Bystanders are people who see potentially dangerous situations or sexual violence happening.

Bystanders have an opportunity to get involved and, in many cases, to prevent sexual violence.

Social norms that we have learned from our culture tell us that that when we see sexual violence happening around us, we should not get involved because the incident does not directly concern us.

Perhaps we want to help but are afraid. We might think that if we do help, something bad might happen, and we prefer to do nothing rather than to do the wrong thing. We might think that despite what we’re seeing, we don’t know the situation or what’s going on. We may be afraid that the perpetrator will become violent towards us.

We may say to ourselves, ‘This looks bad. This shouldn’t be happening. This is wrong’, but it can be scary to step in and try to prevent a situation from getting worse.

The more people there are who witness a situation, the less likely they are to get involved because each person thinks that it’s someone else’s responsibility.

This is called the bystander effect, and it has been researched extensively.

If you have ever taken a first-aid course, this is why the trainers tell you to point at someone and say, ‘Call the ambulance’, and to tell other people specifically how they can help you. If we don’t do that, others will stand there and assume that someone else will help so that they don’t have to do anything.

Often, bystanders deny the physical intuition that tells us that something is wrong and that it will get worse if we don’t do something. Our body has natural instincts to sense danger for a reason, and we need to pay attention to it, not only because we’re in danger but also to keep others safe.

False beliefs about sexual violence are another reason people don’t get involved. The perpetrator or others may use these false beliefs to excuse their behavior.
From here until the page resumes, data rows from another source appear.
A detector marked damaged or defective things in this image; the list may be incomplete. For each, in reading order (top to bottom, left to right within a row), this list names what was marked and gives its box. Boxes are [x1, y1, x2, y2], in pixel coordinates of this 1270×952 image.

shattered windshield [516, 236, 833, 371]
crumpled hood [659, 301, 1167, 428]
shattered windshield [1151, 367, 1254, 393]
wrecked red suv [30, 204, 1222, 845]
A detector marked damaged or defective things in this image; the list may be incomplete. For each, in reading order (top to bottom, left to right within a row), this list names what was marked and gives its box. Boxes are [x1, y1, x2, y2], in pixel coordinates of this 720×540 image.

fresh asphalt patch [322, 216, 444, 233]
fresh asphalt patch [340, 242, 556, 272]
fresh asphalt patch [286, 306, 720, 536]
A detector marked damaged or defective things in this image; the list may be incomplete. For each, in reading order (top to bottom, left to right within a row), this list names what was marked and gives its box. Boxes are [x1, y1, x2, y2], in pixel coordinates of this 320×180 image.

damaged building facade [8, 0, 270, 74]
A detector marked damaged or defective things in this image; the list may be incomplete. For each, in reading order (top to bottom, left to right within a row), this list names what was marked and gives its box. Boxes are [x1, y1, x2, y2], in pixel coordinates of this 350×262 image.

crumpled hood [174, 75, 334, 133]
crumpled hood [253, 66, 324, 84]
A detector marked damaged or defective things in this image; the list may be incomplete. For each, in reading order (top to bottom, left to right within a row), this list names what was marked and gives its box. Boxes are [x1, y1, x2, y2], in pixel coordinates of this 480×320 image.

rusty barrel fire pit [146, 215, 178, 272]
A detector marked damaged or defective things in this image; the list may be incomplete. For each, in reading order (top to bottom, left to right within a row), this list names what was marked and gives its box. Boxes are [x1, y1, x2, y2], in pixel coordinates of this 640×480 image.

Although false beliefs about sexual assault attempt to blame the survivor for the crime, it’s always the perpetrator who is responsible for sexual violence.

It’s very unlikely that we will ever be faced with an opportunity to stop a rape in progress; this is not where we want to focus our attempts to intervene.

We want to focus on the other end of the spectrum, on the occasions of verbal comments, unwanted contact and other high-frequency events.

These are situations where, for most of us, it’s very easy to intervene because these situations happen often with people we know.

By intervening in these contexts, we are helping to set social norms that say that sexual violence is not acceptable within our group.